Num mundo onde os únicos sonhos permitidos são os que se podem comprar



"Num mundo onde os únicos sonhos permitidos são os que se podem comprar, a felicidade passou a ser apenas um atributo da posse. A realização pessoal, que é - ou deveria ser - o caminho de qualquer vida, já só consiste perversamente na resignação e na sujeição. Realizo-me adaptando-me, executando os gestos dos outros sem nunca me interrogar. Realizo-me, não me realizando, porque a sociedade não me permite mais nada, porque só tenho duas pernas, curtas, e não vejo asas a despontar em parte alguma do meu corpo. Mas será mesmo assim ou será apenas um álibi, uma forma de preguiça mental?

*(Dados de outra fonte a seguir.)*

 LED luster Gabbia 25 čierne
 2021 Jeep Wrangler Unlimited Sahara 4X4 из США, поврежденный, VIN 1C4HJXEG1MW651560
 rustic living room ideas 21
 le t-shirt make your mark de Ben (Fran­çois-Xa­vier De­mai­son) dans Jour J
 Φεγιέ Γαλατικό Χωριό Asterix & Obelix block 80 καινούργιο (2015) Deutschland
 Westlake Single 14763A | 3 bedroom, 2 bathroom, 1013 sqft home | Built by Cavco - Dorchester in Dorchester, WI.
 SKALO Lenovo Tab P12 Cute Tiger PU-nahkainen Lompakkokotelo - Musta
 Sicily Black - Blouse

Basta parar por um instante e observar o mundo da natureza que nos rodeia para se ver que tudo fala da gratuitidade inquietante, da fragilidade e da beleza das formas vivas.

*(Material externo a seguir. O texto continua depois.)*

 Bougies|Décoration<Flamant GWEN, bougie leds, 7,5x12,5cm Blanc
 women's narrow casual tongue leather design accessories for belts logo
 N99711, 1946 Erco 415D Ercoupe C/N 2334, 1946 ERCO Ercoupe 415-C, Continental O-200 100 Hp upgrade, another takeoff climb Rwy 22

Embora tentemos viver em caixas hermeticamente fechadas, o mistério resplandece à nossa volta e sugere-nos o caminho a percorrer. Não existe mediocridade, monotonia. O que existe é apenas o nosso medo. Medo de crescer, medo de nos abrirmos às emoções. Medo de descobrirmos que não há nenhuma jaula à nossa volta, que o que existe é apenas liberdade, ar. E se erguermos levemente os olhos, o espaço infinito do céu.”

O Fogo e o Vento, Susanna Tamaro

Comentários

Monserrate disse…
“Basta parar por um instante e observar o mundo da natureza que nos rodeia para se ver que tudo fala da gratuitidade inquietante, da fragilidade e da beleza das formas vivas.
Embora tentemos viver em caixas hermeticamente fechadas, o mistério resplandece à nossa volta e sugere-nos o caminho a percorrer. Não existe mediocridade, monotonia. O que existe é apenas o nosso medo. Medo de crescer, medo de nos abrirmos às emoções. Medo de descobrirmos que não há nenhuma jaula à nossa volta, que o que existe é apenas liberdade, ar. E se erguermos levemente os olhos, o espaço infinito do céu.”

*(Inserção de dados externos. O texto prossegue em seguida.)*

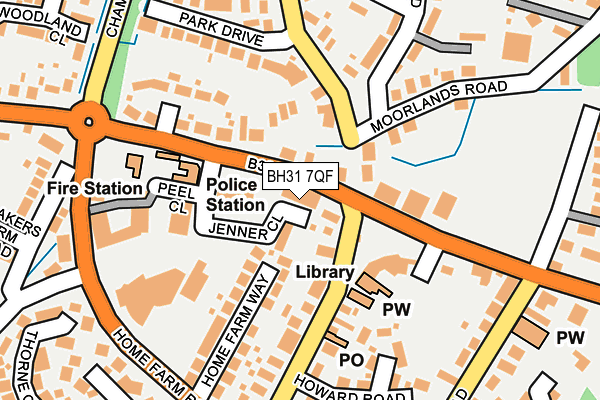 BH31 7QF map - OS OpenMap – Local (Ordnance Survey)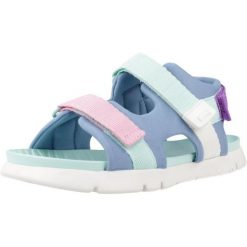 Sandały CAMPER K800532 009 Niebieski. Niebieskie sandały Camper, bez wzorów, z tkaniny, sportowe, bez obcasa, bez zapięcia. Za 219.99 zł.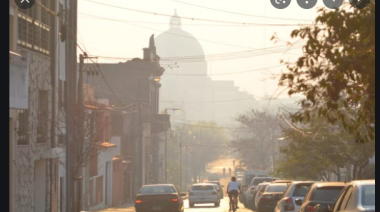 Otra vez el humo asola a la ciudad de San Nicolás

A vaguear por este blog, encontrei duas vezes esta passagem da Susanna Tamaro. Talvez isso me tenha feito parar e repensar estas palavras… A palavra medo aparece muitas vezes… "O que existe é apenas o nosso medo"? Não sinto que seja o grande responsável dos dissabores da minha vida… sempre fui de levar tudo à frente com uma certa valentia até… Nunca me deixei ficar nas sombras dos meus piores pensamentos, sentia que aí não havia grandes possibilidades de viver… acho que tive sempre coragem de enfrentar cada jornada, proposta até agora, e retirar disso o melhor… a melhor lição.

Para mim tudo se complica nesta liberdade imensa que nos é dada… na sua gestão, na gestão das escolhas, das esperas, dos caminhos, das consequências… aqui tenho que ser forte, determinada, travar a impulsividade que há em mim… não falo de uma primeira instância da liberdade que foi conquistada ao longo destes últimos seculos. Falo da “liberdade maior”, do nosso livre arbitro perante os outros e o mundo.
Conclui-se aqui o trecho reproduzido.